Twelfth of July

Bridge in Powerscourt

I put this bridge as a symbol to bridge the two communities in Ireland.*

Today is the day, The Twelfth of July celebrations Northern Ireland, when the memories from long, long times past are stirred up; mostly in hatred and anger. Yes, it is the day to remember the Battle of the Boyne which took place in 1690. The battle was between the Protestant Prince William of Orange and the Catholic King James II; William of Orange took the victory. Here is a link to the official site of the Battle of the Boyne. Much of the hatred that has had an effect to the present times stems from this very event.

When my daughters were still in the primary education in Ireland, we had this school run with some other parents and one time it was our turn to collect the kids from their homes bringing them all to the school. So, there we are in our thoughts – morning sleepy, you see – when this little girl pipes up and says:

“My mum is a Catholic and my dad is a Protestant.”

And then she is waiting for the response from my girls. But nothing came, because my daughters did not know what it meant to be a Catholic or a Protestant! They had never heard about it before this in their short lives and they did not know what it meant. The event passed uncommented by any of us except for an ‘I see’ from me at the time until later on, when the girls wanted to know ‘What did she mean?’

My in-laws and himself were of Anglo-Irish background deeply rooted in the Protestantism and yet very deeply rooted in their Irishness as well.
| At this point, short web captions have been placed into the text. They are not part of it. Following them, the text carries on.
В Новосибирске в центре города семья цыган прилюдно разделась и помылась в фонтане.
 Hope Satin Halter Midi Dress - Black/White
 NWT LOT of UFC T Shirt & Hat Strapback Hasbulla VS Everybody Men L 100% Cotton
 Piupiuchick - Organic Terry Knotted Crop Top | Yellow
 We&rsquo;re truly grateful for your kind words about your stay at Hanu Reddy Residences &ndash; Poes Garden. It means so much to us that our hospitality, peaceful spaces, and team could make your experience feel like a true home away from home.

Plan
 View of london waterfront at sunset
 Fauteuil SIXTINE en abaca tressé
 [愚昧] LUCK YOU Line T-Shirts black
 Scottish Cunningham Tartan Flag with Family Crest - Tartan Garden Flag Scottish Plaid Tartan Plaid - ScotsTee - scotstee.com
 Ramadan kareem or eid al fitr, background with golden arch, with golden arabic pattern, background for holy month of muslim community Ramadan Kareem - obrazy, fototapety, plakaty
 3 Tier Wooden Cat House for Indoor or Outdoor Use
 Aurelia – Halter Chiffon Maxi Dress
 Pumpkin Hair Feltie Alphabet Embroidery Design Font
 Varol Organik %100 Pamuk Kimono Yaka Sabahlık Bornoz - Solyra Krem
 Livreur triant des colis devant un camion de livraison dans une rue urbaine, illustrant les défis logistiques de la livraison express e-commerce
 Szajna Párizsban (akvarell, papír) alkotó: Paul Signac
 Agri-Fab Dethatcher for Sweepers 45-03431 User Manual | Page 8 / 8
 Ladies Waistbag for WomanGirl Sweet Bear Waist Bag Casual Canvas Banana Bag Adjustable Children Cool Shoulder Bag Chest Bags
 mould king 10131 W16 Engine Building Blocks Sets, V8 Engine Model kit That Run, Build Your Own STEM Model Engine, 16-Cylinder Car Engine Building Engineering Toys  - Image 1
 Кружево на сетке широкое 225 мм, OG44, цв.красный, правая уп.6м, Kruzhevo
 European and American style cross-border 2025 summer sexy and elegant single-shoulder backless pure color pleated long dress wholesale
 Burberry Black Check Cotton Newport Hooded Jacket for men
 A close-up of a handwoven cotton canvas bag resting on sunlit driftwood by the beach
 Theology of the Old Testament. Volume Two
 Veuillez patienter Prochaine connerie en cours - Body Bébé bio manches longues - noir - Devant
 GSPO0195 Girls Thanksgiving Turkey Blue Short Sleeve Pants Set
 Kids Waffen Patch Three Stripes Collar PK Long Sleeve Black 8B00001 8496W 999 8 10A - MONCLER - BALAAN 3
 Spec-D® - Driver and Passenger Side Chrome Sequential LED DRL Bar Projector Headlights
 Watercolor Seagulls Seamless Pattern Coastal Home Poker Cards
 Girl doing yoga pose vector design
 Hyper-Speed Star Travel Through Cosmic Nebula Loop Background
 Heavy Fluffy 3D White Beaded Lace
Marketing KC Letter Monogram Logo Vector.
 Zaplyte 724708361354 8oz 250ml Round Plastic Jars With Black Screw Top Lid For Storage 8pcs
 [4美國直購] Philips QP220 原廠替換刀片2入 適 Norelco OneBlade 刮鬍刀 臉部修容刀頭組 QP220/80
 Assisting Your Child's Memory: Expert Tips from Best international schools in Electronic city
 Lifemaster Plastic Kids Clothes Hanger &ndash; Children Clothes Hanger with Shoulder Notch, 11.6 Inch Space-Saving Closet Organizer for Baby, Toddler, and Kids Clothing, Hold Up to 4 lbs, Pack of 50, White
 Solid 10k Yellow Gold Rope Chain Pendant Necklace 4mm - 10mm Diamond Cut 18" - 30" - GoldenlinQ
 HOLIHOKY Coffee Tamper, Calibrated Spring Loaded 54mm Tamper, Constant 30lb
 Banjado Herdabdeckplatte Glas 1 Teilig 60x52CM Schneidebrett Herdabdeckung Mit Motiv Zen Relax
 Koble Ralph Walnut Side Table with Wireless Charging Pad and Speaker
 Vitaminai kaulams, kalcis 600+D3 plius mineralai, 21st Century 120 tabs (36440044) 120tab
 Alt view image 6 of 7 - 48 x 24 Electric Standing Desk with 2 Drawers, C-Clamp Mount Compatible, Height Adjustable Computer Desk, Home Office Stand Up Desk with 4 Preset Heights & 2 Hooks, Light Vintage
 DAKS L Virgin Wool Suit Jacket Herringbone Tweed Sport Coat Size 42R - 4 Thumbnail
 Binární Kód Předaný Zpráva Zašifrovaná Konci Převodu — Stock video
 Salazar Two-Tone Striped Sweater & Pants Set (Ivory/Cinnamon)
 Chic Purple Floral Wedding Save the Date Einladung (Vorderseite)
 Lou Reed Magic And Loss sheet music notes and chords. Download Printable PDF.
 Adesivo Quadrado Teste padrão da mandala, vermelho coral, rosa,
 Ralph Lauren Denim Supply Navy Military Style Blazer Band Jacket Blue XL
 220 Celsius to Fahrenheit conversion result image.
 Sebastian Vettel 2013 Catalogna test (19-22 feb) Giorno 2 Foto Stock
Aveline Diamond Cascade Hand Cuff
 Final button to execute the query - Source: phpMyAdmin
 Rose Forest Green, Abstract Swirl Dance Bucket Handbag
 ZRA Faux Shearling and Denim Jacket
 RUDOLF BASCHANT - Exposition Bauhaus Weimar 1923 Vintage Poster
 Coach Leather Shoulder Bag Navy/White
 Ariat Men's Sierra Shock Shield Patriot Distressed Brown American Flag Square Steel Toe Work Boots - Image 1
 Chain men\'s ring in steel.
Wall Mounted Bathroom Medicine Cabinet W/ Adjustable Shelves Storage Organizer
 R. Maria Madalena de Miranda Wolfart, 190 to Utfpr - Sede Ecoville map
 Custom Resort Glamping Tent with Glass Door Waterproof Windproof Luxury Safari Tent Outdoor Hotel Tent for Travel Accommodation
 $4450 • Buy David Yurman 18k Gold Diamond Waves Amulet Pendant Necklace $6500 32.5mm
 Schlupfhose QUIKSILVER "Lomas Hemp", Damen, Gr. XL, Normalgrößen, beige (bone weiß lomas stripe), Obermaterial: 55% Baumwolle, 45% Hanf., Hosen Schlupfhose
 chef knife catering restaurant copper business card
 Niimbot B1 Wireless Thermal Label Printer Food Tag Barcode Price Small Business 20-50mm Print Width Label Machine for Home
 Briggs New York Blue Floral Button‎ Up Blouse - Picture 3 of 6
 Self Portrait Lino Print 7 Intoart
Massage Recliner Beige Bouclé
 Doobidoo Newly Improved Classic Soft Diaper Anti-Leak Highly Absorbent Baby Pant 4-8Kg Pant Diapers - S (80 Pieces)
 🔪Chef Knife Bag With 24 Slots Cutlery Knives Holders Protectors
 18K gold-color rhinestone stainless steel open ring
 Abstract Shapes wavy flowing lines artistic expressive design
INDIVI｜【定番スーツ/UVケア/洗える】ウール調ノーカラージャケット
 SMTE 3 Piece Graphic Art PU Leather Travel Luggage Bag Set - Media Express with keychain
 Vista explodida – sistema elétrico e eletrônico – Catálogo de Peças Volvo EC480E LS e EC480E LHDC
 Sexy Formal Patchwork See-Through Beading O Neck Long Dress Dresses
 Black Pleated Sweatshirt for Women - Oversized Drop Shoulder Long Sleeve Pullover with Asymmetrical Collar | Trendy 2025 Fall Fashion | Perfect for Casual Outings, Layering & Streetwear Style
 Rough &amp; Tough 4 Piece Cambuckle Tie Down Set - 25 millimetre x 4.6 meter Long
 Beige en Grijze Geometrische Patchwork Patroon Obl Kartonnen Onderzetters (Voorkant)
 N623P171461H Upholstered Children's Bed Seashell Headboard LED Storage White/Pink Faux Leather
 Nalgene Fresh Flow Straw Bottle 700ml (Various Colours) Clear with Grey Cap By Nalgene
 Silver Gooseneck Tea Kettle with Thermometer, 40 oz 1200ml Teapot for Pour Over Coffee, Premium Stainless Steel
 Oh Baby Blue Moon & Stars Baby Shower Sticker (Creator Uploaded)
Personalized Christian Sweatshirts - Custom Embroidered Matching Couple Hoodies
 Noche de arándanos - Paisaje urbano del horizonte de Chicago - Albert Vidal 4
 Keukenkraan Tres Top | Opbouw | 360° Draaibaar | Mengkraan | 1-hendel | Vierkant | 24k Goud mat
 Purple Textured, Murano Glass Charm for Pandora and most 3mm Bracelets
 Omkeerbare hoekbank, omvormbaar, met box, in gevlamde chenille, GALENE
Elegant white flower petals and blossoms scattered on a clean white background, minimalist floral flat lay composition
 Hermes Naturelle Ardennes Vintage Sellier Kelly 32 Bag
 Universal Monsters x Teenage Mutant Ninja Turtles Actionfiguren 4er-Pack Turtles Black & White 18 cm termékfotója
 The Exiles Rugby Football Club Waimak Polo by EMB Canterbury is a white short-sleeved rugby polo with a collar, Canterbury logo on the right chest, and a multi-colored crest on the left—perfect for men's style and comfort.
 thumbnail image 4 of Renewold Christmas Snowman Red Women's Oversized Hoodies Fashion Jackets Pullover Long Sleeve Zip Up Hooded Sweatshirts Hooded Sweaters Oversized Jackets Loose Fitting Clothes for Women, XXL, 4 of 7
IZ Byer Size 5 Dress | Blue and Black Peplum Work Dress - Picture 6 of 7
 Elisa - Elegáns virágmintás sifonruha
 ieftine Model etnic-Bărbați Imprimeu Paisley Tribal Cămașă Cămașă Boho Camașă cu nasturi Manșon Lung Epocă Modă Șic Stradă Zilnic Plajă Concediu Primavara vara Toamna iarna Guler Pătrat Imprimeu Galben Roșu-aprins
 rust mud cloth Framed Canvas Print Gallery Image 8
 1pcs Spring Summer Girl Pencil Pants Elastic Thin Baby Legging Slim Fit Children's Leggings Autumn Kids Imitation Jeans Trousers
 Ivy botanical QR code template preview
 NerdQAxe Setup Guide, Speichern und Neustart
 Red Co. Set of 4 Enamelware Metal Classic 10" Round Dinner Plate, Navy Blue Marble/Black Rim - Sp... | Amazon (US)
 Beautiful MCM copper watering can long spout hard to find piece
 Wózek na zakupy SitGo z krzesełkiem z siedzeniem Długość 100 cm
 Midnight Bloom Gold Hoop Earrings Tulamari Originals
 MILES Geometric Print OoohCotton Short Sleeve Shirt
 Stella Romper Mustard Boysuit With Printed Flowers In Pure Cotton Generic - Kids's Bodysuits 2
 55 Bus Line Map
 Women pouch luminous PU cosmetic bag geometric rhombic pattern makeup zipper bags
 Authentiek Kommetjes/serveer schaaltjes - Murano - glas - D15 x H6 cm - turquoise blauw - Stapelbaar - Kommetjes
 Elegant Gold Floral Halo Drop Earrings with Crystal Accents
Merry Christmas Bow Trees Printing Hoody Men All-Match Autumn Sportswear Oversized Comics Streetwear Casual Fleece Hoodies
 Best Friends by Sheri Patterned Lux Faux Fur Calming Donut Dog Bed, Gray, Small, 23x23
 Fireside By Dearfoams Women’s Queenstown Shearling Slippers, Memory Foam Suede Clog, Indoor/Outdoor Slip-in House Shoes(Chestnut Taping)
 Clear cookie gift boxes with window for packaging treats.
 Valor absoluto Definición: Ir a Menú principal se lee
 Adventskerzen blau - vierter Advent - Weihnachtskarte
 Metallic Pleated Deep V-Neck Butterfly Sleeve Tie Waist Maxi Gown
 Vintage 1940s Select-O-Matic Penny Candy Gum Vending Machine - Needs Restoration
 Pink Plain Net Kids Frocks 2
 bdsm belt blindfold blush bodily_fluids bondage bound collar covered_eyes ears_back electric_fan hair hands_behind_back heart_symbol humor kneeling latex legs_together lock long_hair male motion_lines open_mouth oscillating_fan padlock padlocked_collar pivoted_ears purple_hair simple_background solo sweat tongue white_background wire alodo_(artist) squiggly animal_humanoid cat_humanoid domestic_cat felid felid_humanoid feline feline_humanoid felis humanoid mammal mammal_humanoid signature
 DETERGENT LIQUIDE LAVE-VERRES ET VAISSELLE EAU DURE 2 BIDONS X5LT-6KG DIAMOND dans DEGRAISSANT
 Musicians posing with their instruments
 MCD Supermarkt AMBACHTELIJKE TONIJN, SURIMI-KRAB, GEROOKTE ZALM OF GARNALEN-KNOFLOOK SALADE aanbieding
They were and are first and foremost Irish in their own eyes and thinking. (I will get into this deeper another time.) The Northern Irish Protestants see themselves, normally, first and foremost, as British, and that is where there is this vast gulf between them and the Catholics who see themselves as Irish. There is also an abyss of differences between the Protestants of the North and the South because of the fact that the southern Protestants see themselves to be Irish and the northerners to be British.

These parades and commemorations of things long past on both sides add extra fuel to the volatile situation that at times boils over. The Twelfth of July is the prime example of this; every year we became suddenly aware that the date must upon us, when the South started to get filled with northerners wanting to escape the tension and the hatred stirred up.

Tis for now. Rii xx

* I took the photograph in the Japanese Gardens in the Powerscourt Demesne, Enniskerry, Ireland.